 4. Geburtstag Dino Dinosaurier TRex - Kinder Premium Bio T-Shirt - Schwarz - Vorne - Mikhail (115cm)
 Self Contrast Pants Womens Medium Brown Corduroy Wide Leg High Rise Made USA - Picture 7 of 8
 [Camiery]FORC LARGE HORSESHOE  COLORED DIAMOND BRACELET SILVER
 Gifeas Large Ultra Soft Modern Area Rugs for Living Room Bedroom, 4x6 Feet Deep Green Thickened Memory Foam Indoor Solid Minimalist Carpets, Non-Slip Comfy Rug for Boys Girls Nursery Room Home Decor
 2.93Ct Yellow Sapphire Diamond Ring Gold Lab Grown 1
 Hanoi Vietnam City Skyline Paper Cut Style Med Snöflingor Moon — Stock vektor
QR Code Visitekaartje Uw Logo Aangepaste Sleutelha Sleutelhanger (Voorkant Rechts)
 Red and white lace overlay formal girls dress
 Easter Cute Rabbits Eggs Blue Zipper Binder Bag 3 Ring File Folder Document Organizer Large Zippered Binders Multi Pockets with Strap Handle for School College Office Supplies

☆ ☆ ☆

_Task item:_ Produce a verbatim copy of the lines from the one holding "2.93Ct Yellow Sapphire" to the final line of the data, and nothing more.

_Answer area:_
 2.93Ct Yellow Sapphire Diamond Ring Gold Lab Grown 1
 Hanoi Vietnam City Skyline Paper Cut Style Med Snöflingor Moon — Stock vektor
QR Code Visitekaartje Uw Logo Aangepaste Sleutelha Sleutelhanger (Voorkant Rechts)
 Red and white lace overlay formal girls dress
 Easter Cute Rabbits Eggs Blue Zipper Binder Bag 3 Ring File Folder Document Organizer Large Zippered Binders Multi Pockets with Strap Handle for School College Office Supplies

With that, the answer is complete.